In [1]:
import pandas as pd

finetuned_dirname = "40-epoch-bert-base-finetuned-phemernr2-tf"

data = pd.read_csv("../../data/processed/phemernr2-tf_dataset.csv", sep=",")
data = data[['tweet_text', 'tvt2', 'label']]
data['tweet_text'] = data['tweet_text'].str.lower()
print(data.shape)
data.head()

(1705, 3)


Unnamed: 0,tweet_text,tvt2,label
0,breaking - a germanwings airbus a320 plane rep...,training,True
1,reports that two of the dead in the #charliehe...,training,True
2,'no survivors' in #germanwings crash says fren...,training,False
3,tragedy mounts as soldier shot this am dies of...,training,True
4,watch the moment gunfire and explosions were h...,training,True


In [2]:
combined_data = data

In [3]:
import torch

class CustomTextDataset(torch.utils.data.dataset.Dataset):

    def __init__(self, texts, labels):
        self.labels = labels
        self.texts = texts
        self.attention_mask = None
        self.input_ids = None
        self.token_type_ids = None

    def __len__(self):
        return len(self.labels)

    def __getitem__(self, idx):
        sample = {
            "text": self.texts[idx],
            "label": self.labels[idx],
            "attention_mask": self.attention_mask[idx] if self.attention_mask else None,
            "input_ids": self.input_ids[idx] if self.input_ids else None,
            "token_type_ids": self.token_type_ids[idx] if self.token_type_ids else None
        }
        return sample
    
    def tokenize(self, tokenizer):
        self.attention_mask = []
        self.input_ids = []
        self.token_type_ids = []

        for text in self.texts:
            token = tokenizer(text, padding="max_length", truncation=True)
            
            self.attention_mask.append(token['attention_mask'])
            self.input_ids.append(token['input_ids'])
            self.token_type_ids.append(token['token_type_ids'])
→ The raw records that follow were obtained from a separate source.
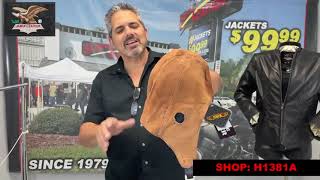 H1381A - Leather Aviator Helmet/Cap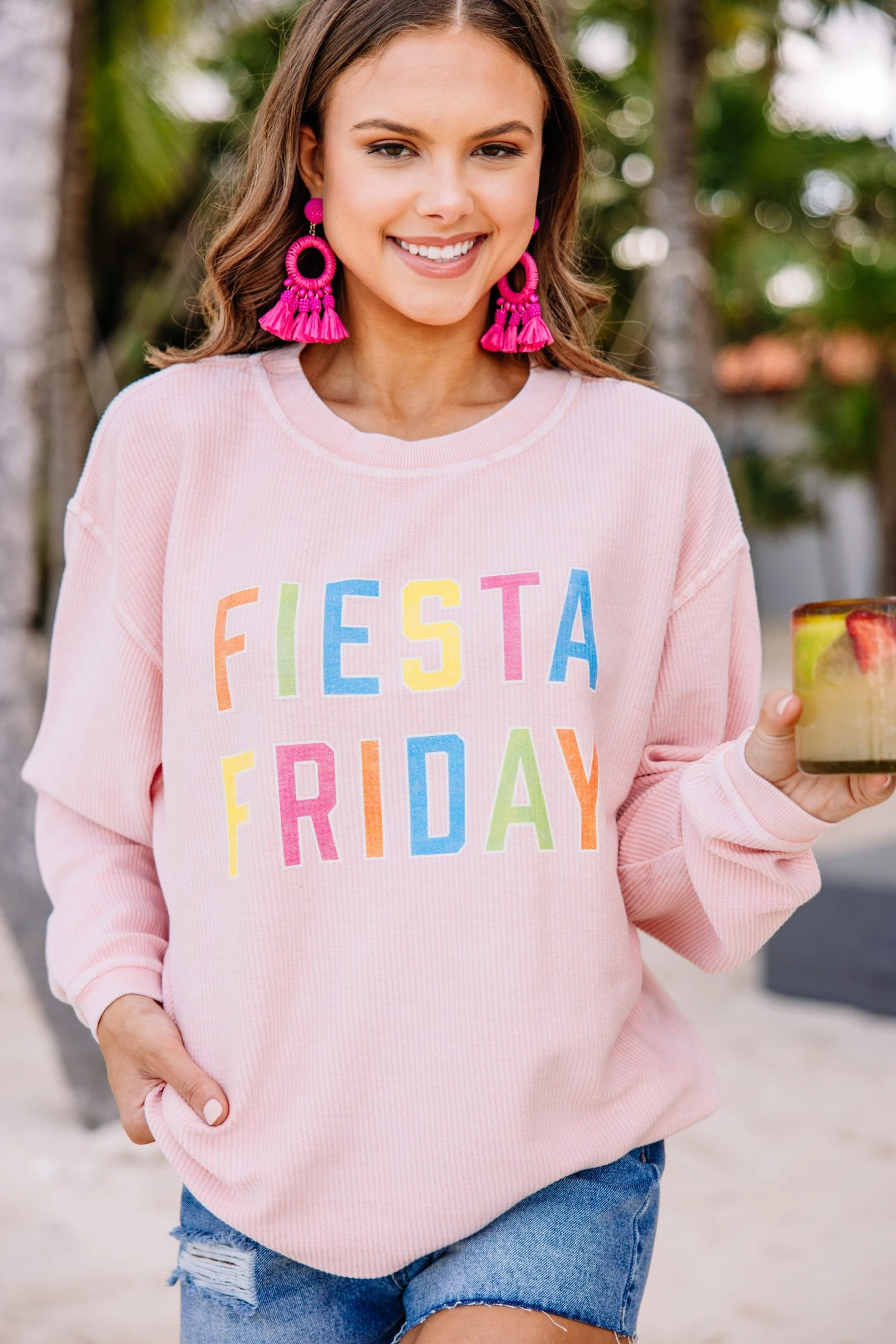 Fiesta Friday Blush Pink Corded Graphic Sweatshirt 4 Fiesta Friday Blush Pink Corded Graphic Sweatshirt - Image 2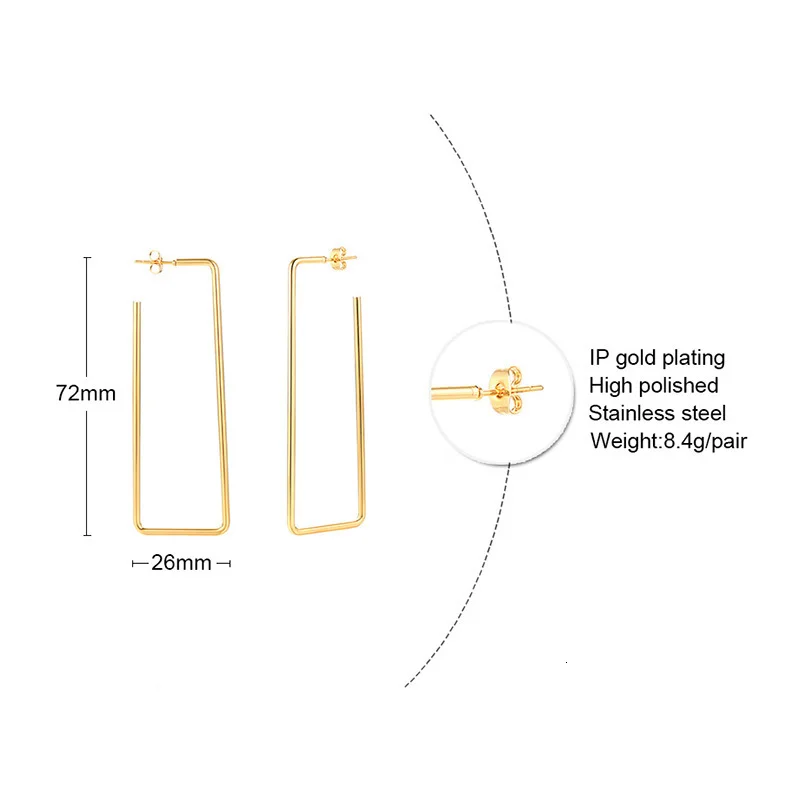 Очаровательные золотые квадратные серьги-кольца из нержавеющей стали, большие серьги-кольца Bohe, Четырехсторонние серьги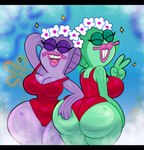 anthro barbel_(anatomy) big_breasts big_butt breasts butt cleavage clothed clothing curvy_figure duo eyes_closed female flower flower_cloud_(spongebob) flower_crown gesture green_body green_scales hand_gesture hand_on_butt hourglass_figure huge_butt lips non-mammal_breasts one-piece_swimsuit open_mouth plant purple_body purple_lips purple_scales red_clothing red_one-piece_swimsuit red_swimwear scales smile swimwear thick_lips thick_thighs v_sign wide_hips somescrub nickelodeon spongebob_squarepants showgirl_fish_(spongebob) fish marine 2023 hi_res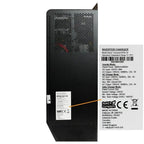 Black rectangular inverter charger with perforated metal venting and specification label, shown with enlarged product informa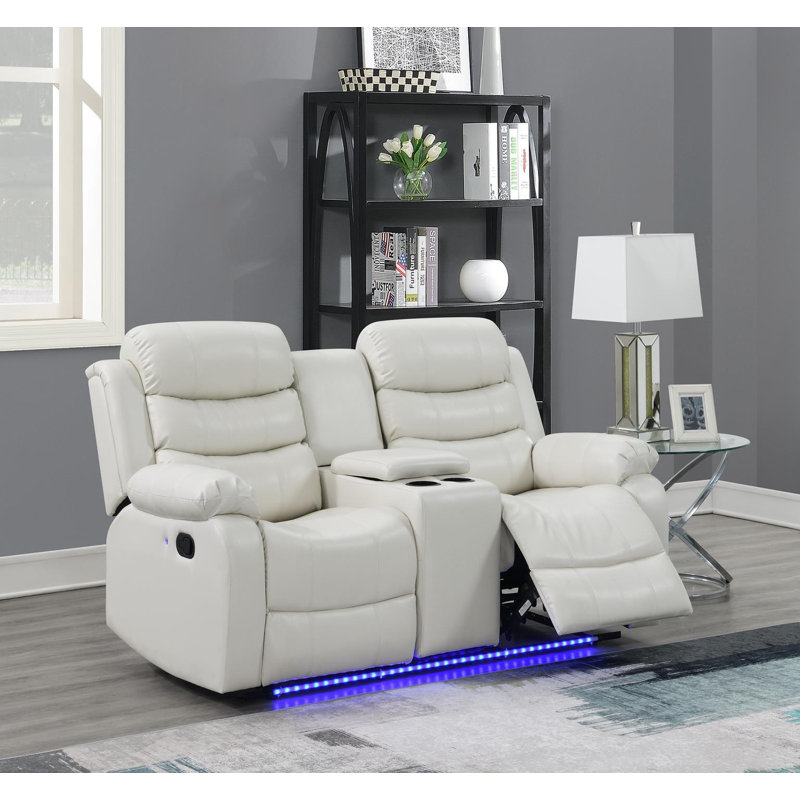 Upholstered Home Theater Seating with Cup Holder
  from .autonotebook import tqdm as notebook_tqdm


In [4]:
labels = []

labels_str = combined_data['label'].unique().tolist()
for i, d in combined_data.iterrows():
    lab = labels_str.index(d['label'])
    labels.append(lab)
    
print(len(labels))
labels[:10]

1705


[0, 0, 1, 0, 0, 0, 0, 1, 0, 0]

In [5]:
train_dataset = CustomTextDataset(
    [d['tweet_text'] for i, d in combined_data.iterrows() if d['tvt2'] == 'training'],
    [labels[i] for i, d in combined_data.iterrows() if d['tvt2'] == 'training'])
test_dataset = CustomTextDataset(
    [d['tweet_text'] for i, d in combined_data.iterrows() if d['tvt2'] == 'validation'],
    [labels[i] for i, d in combined_data.iterrows() if d['tvt2'] == 'validation'])
train_dataset[0]

{'text': 'breaking - a germanwings airbus a320 plane reportedly crashed in the region of digne (french alps) #flightradar24 - french tv #itele',
 'label': 0,
 'attention_mask': None,
 'input_ids': None,
 'token_type_ids': None}

In [6]:
from transformers import AutoTokenizer

tokenizer = AutoTokenizer.from_pretrained("bert-base-cased")

In [7]:
# inputs = tokenizer(["you're stuck in a timewrap from 2004 though", "summa lumma dumma lumma"], padding="max_length", truncation=True)
# for k,v in inputs.items():
#     print(k)

In [8]:
def tokenize_function(examples):
    return tokenizer(examples["text"], padding="max_length", truncation=True)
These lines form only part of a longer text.